The opening piece, "Henry David Thoreau: One Step Beyond," presents Thoreau’s Walden through the paradigm of alien-abduction phenomenon. Henrietta Davidson (Patti Wyss), an alien-abduction victim, theorizes that Walden contains the classic "7 Signs of Alien-Abduction." Meanwhile, Torrie Henry (Margaret Dorn), "1960’s Greenwich Village composer," pens her own Walden-as-alien-abduction treatise as a Dada-esque avant-garde musical. Monte Wheeler gracefully succeeds in realizing the satirical Thoreau with a booming baritone and comedic timing to match, but overall, this first piece fails to deliver.

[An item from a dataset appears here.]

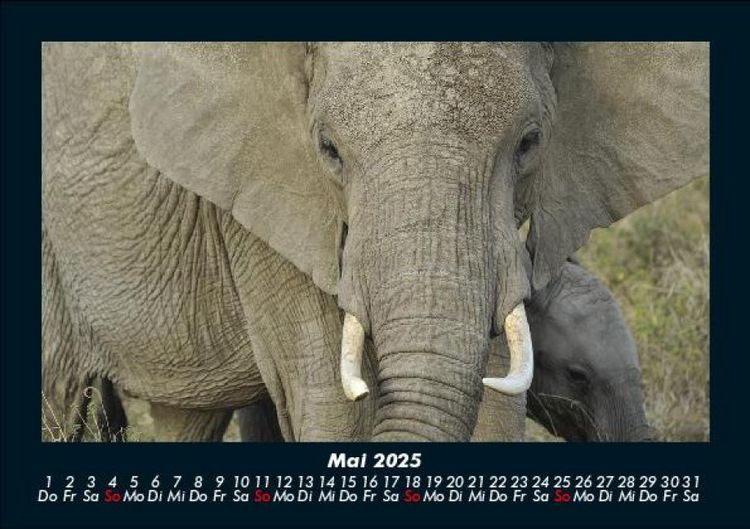 Produktbild: Der Tierkalender 2025 Fotokalender DIN A5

Next comes "Ed Wood, Jr: The Sinister Urge" based on the eponymous movie director and his stable of rejects, both human and celluloid. Adding Cionek on synthesizer and Paul Cohen on saxophone, the orchestrations finally come to life and showcase some of the finest grooves of the entire evening. Monte Wheeler as Wood and Christi Moore-Leslie as Dolores Fuller shine with fine voices and comedic conviction. The stand-out number of the evening, "Angora," rings out with all the fervor and ecstasy that Wood himself reserved for the long-fibered rabbit hair. Glimpses of the ingenuity and cleverness of the creative team peek through, teasing us during this second act.

The final piece is "SPACE: an Opera in Capsule Form." Presumably set in the 1960’s during the space race and resplendent with Cold War allusions, "SPACE" does little more than allow Paul Cohen to flex his baritone sax chops. Director Dennis Deal appears as The Captain, a Shatner-esque drunk, on a cosmic journey with Vera (Margaret Dorn), "a beautiful scientist," and Rod (Stewart Gregory), "a space cadet." While I commend Gregory for some fine comedic moments of his own, his work is little consolation for the overall feel of either "SPACE" or Tri-Sci-Fi as a whole.

Cionek and his collaborators certainly keep the comedy and levity at the forefront. But with the director also performing in two of the three pieces, I wonder how much this limited the vision and execution of the program in its entirety.